Fahrenheit 451: recensione del film con Michael B. Jordan e Michael Shannon presentato al Festival di Cannes 2018
Spunti interessanti che attualizzano il testo di Bradbury si perdono nel contesto di un film un po' approssimativo e facilone.
Non è che non abbia senso, rifare oggi Fahrenheit 451 (dove per “rifare” s’intende più un nuovo adattamento del libro di Ray Bradbury che un remake del celebre film che ne aveva tratto Francois Truffaut). E Ramin Bahrani, che forse da sempre è meglio come sceneggiatore che come regista dei suoi stessi copioni, una chiave interessante per tornare a raccontare quella storia l’ha anche trovata. Non sconvolgente ma, assieme ad Amir Naderi, l’ha trovata.

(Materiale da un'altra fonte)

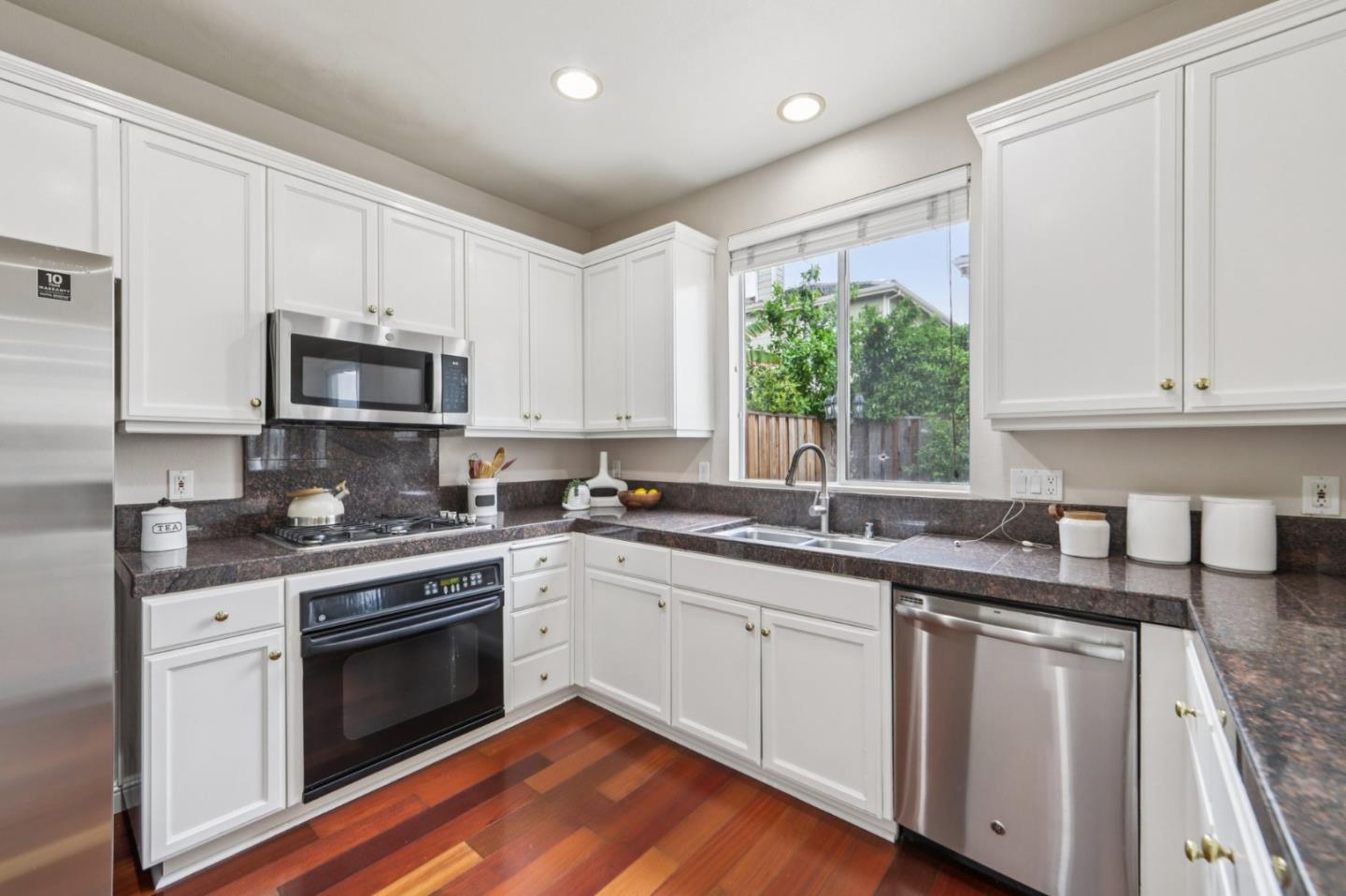 4011 Greenyard CT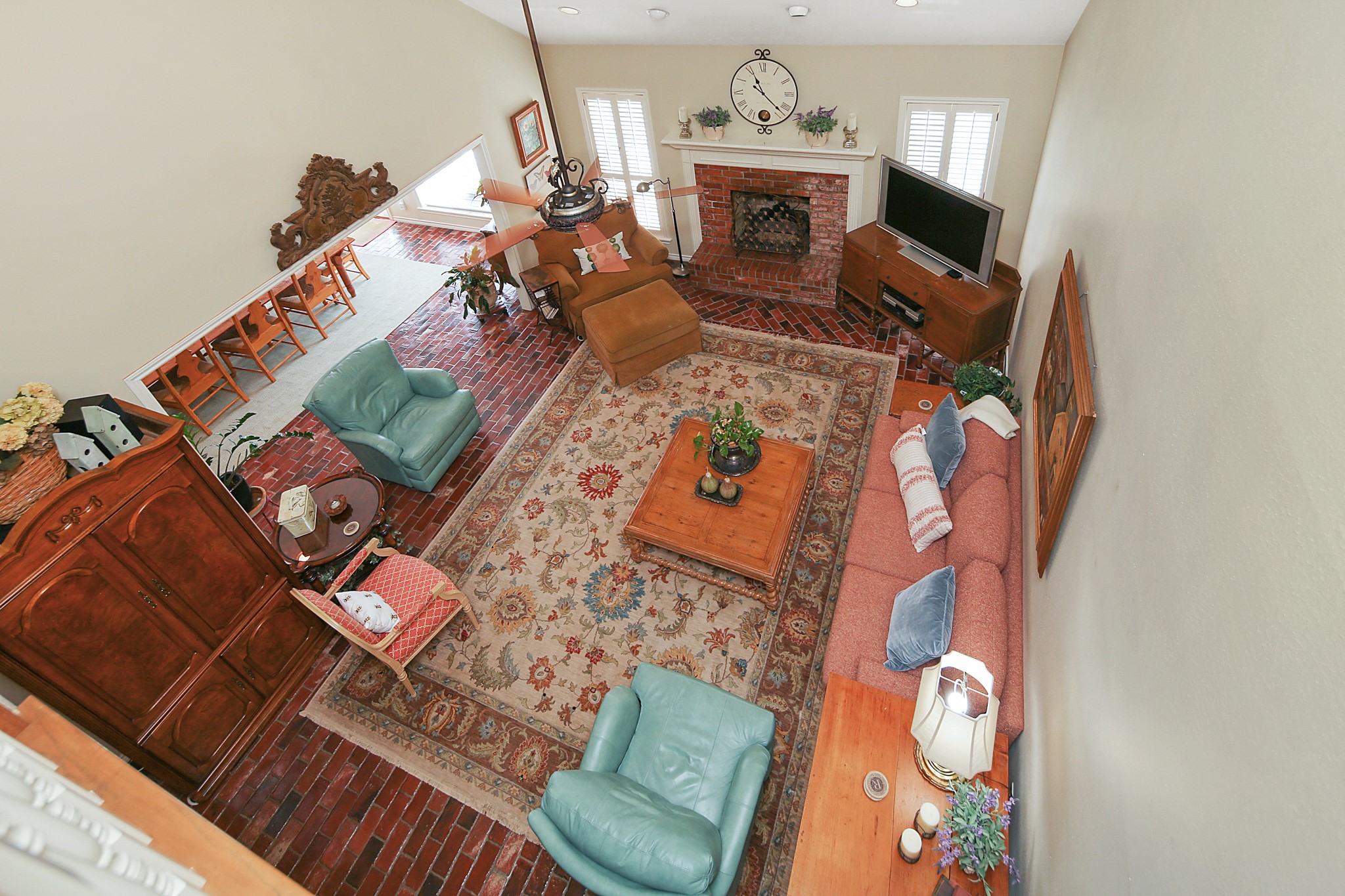 1402 Millcreek Court Property Photo 20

Nel mondo di Fahrenheit 451 versione 2018, infatti, il futuro distopico che i protagonisti vivono è quello che è arrivato molti anni dopo una Seconda Guerra Civile americana (ciao, Joe Dante), scatenata dall’eccesso di opinioni che venivano gridate aprioristicamente su internet, in anni in cui esistevano ancora i giornali o i giornalisti, sì, ma dei loro articoli le persone leggevano solo i titoli. Vi fischiano per caso le orecchie?
E non basta, comunque. Perché quello che è successo dopo - la guerra ai libri e alla cultura e tutto il resto - non è stato un colpo di mano autoritario, ma la conseguenza del responso di alcuni algoritmi di intelligenze artificiali capaci di prevedere i desideri delle persone: persone che non ne potevano più dell’informazione e delle opinioni e di testi che li constringevano a fare i conti con domande scomode sulla realtà e la natura umana; desideri che sono degenerati fino al punto raccontato dal film.
Tutto questo, nel corso del Fahrenheit 451 di Bahrani, lo veniamo a sapere sotto forma di spiegoni camuffati da dialoghi, così da non risultare troppo sfacciati, seguendo il Montag di un poco espressivo Michael B. Jordan, il Beatty di un Michael Shannon bravo ma chiuso in un personaggio troppo squadrato e approssimato, e la loro lotta contro una resistenza che cerca di sabotare i piani del potere, e restituire secoli di letteratura, musica e cultura alla coscienza umana, contrapponendo implicitamente l’analogico al digitale ma senza disdegnare la tecnologia tout court.
Dialoghi che magari azzeccano anche il tentativo di catturare l’esprit du temps, quando ad esempio Montag e Beatty si confrontano all’interno di un deposito abusivo di libri, e il secondo spiega al primo che è molto più comodo fare senza, perché accadeva che “Huckleberry Finn” offendesse i neri, o “Lolita” ed Henry Miller le femministe, e via di questo passo: e tutto questo, nell’era della suscettibilità assoluta ed esagerata, è anche divertente da ascoltare.
Peccato però che questa manciata di idee, lanciate da Bahrani sul tavolo come fiches, e sparpagliate lungo il racconto, non bastino a tenere su la baracca né dal punto di vista dell’impianto teorico, che viene scarsamente approfondito (e anzi diventa confuso e un po' ridicolo, con resistenti che si chiamano come i libri che hanno memorizzato), né da quello del thriller d’azione: che sotto sotto, ma nemmeno troppo, è l’unica cosa che interessa davvero a questo film targato HBO, e quindi pensato per una fruizione casalinga e televisiva.
La stilizzazione formale cercata dal regista (tra i neon alla Refn del mondo nei “Nativi” e le luci gialle vagamente rétro delle “Anguille” della resistenza) non ottiene i risultati sperati, e Bahrani non è decisamente a suo agio quando deve portare avanti scene più ricche di azione e dinamismo: e il fatto che dal punto di vista narrativo i conti ogni tanto non tornino, fa pensare che qualche problemino col girato, al montaggio possa essere emerso.
Questo Fahrenheit 451 - tra una corsa e una ripresa a effetto, tra una citazione di Kafka e una di Dostoevskij; tra un pezzo di pellicola di Cantando sotto la pioggia e degli schermi modernissimi dove impera una nuova Internet chiamata The 9, un grande fratello che incita alla delazione; tra un pugno e un bacio (c’è anche Sofia Boutella, resistente di cui si invaghisce Montag) - si dimentica di dare risposte a molti degli interrogativi che solleva.
Il che andrebbe anche bene, magari: non fosse che non fa nemmeno venire voglia allo spettatore di sforzarsi per trovarsele da solo.